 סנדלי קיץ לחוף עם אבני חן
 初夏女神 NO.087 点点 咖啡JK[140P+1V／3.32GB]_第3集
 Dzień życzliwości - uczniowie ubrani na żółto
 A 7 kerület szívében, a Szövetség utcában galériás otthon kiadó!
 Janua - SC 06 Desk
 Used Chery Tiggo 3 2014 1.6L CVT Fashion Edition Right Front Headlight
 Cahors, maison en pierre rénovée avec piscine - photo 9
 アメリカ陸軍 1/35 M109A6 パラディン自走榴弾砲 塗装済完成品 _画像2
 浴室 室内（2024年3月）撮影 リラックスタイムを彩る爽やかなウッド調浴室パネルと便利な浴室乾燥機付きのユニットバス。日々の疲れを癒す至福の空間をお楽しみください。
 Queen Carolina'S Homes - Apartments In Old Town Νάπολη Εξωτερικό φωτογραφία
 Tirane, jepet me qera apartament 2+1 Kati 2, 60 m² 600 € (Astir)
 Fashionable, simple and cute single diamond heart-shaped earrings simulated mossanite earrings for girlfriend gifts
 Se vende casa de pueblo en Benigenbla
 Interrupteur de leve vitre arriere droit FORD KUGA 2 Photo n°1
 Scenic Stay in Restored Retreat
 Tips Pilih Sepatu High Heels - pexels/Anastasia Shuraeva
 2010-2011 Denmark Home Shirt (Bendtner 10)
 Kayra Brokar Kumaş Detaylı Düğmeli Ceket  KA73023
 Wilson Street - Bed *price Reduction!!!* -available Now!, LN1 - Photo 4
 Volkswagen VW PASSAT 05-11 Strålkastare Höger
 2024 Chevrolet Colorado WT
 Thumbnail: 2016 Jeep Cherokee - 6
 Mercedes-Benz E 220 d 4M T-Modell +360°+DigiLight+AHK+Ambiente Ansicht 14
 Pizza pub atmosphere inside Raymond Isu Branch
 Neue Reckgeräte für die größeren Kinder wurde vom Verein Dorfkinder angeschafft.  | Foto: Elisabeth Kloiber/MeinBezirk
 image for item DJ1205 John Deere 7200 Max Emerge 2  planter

**Required action**
Only what runs from the line containing "Volkswagen VW PASSAT" through the final line of the entries above belongs in the answer, restated exactly.

**Solution to this task**
 Volkswagen VW PASSAT 05-11 Strålkastare Höger
 2024 Chevrolet Colorado WT
 Thumbnail: 2016 Jeep Cherokee - 6
 Mercedes-Benz E 220 d 4M T-Modell +360°+DigiLight+AHK+Ambiente Ansicht 14
 Pizza pub atmosphere inside Raymond Isu Branch
 Neue Reckgeräte für die größeren Kinder wurde vom Verein Dorfkinder angeschafft.  | Foto: Elisabeth Kloiber/MeinBezirk
 image for item DJ1205 John Deere 7200 Max Emerge 2  planter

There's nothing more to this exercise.